Tagged as: Friends, Troubled relationships<< Previous question   Next question >>
Question - (8 May 2010) 3 Answers - (Newest, 8 May 2010)
A male South Africa age 41-50, *saac800 writes:

Dear Madam,

I am a 29 year old male. About 3 weeks back, I met a girl in the university I attend. she's passed 18. Well, we believe the same doctrines as christians and when I approached her, she was very responsive. She seemed to enjoy my company but gave me hints that she was worried about the age gap.

When I was talking to her, she kept smiling, touching her fingers nervously, couldn't face me, would play with a pen or paper, licking her lips at times, smiled really a lot. At some point, she put on the gloves to hide the ring she was having on her right hand major finger. Another man came passing by and greeted her, she responded swiftly and then turned quickly back to me to see how I'd react but I gave nothing away as my composure revealed nothing to her (so I think) (we gave each other the kind of look like: who's that?) yet she and I just met less than 10 days ago.

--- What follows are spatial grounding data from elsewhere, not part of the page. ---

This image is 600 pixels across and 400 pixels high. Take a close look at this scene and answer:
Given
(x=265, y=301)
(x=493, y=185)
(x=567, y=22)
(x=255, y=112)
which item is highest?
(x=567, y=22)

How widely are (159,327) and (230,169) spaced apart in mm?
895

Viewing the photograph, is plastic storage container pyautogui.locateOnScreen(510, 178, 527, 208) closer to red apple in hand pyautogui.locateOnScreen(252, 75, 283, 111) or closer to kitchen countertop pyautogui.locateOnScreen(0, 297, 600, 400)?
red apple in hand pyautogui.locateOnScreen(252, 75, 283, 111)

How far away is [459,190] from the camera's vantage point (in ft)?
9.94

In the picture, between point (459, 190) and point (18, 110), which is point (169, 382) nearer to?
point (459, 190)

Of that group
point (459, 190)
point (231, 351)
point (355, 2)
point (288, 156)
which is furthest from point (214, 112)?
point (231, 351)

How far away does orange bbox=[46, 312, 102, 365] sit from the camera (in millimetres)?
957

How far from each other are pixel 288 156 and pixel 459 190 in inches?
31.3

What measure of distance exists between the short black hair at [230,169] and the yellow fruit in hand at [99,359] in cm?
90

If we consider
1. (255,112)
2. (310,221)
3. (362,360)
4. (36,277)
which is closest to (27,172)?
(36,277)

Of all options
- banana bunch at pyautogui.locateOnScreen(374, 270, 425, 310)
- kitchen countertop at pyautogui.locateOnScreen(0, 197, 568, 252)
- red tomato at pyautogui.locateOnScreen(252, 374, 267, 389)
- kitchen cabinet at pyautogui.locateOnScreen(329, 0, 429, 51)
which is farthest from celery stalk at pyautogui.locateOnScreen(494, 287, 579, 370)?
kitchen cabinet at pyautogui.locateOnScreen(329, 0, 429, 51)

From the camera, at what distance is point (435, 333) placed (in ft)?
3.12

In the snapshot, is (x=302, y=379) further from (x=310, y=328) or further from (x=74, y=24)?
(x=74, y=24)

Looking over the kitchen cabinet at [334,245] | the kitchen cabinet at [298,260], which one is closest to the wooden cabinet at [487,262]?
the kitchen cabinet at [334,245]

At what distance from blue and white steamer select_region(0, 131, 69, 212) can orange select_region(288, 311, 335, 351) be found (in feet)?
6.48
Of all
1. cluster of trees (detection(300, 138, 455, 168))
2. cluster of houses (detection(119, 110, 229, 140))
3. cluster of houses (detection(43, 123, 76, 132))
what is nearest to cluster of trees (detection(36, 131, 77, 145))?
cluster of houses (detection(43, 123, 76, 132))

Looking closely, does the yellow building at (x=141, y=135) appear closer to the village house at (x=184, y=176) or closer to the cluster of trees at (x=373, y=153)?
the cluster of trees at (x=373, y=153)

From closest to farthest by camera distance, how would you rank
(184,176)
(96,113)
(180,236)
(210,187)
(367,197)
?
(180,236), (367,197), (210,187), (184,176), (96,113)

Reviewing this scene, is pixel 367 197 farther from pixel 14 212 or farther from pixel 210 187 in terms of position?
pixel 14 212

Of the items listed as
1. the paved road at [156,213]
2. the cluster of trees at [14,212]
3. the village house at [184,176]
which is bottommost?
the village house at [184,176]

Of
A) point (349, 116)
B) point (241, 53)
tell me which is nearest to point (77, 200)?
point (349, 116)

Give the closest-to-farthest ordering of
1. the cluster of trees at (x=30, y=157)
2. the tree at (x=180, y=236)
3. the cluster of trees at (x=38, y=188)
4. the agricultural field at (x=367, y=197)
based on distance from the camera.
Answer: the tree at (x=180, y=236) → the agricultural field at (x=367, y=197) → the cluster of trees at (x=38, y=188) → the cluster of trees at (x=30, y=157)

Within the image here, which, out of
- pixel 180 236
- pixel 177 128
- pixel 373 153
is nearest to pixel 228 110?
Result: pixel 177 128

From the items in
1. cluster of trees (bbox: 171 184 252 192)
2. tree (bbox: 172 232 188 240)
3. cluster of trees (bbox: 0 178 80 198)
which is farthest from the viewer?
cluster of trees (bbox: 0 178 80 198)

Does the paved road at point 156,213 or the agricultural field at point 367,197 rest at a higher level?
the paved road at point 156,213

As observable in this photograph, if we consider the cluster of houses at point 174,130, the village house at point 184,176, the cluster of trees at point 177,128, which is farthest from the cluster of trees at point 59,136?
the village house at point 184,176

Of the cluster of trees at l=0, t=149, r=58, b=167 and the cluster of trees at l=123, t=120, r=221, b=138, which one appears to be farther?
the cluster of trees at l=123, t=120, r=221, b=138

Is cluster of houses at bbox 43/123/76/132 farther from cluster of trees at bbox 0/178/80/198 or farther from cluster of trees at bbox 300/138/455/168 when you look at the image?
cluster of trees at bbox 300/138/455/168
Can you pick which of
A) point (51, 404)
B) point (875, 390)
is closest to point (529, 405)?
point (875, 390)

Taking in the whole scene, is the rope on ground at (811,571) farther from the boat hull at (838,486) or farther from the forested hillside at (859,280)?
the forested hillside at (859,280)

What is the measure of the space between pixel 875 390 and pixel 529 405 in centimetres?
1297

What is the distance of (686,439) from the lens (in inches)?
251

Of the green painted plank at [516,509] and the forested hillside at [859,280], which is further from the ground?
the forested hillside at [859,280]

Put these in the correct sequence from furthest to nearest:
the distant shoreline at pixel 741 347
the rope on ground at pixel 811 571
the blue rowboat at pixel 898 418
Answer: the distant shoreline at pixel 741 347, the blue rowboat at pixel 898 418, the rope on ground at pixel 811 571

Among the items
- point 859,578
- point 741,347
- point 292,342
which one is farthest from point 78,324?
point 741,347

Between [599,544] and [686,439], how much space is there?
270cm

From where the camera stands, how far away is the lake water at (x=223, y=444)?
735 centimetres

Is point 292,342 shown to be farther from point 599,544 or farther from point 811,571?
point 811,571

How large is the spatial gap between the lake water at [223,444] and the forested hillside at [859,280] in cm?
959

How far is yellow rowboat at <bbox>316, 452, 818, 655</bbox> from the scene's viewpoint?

I gave her, that wednesday, to read the story of Jacob and Rachel in the bible, she agreed and promised she'd read it and promised to meet me on monday next week.

she invited me to attend her congregation, I turned down politely for now with a promise to attend in the future and we smiled again. It's like we knew each other for a longtime.

This week, it's been foggy and it's the begining of winter, she comes early to university from something like 60 to 80 km. she's given a lift to university by someone from her congregation.

I promise you she could have given me her number or email, had I asked for it? She gives me the impression that no one in her life has ever appreciated her beauty or who she is (she mixed race, brazilian type of girl) and that she's never been in love before.

1) Do you think she could have changed her mind or she might have told someone about me and was advised to stay away?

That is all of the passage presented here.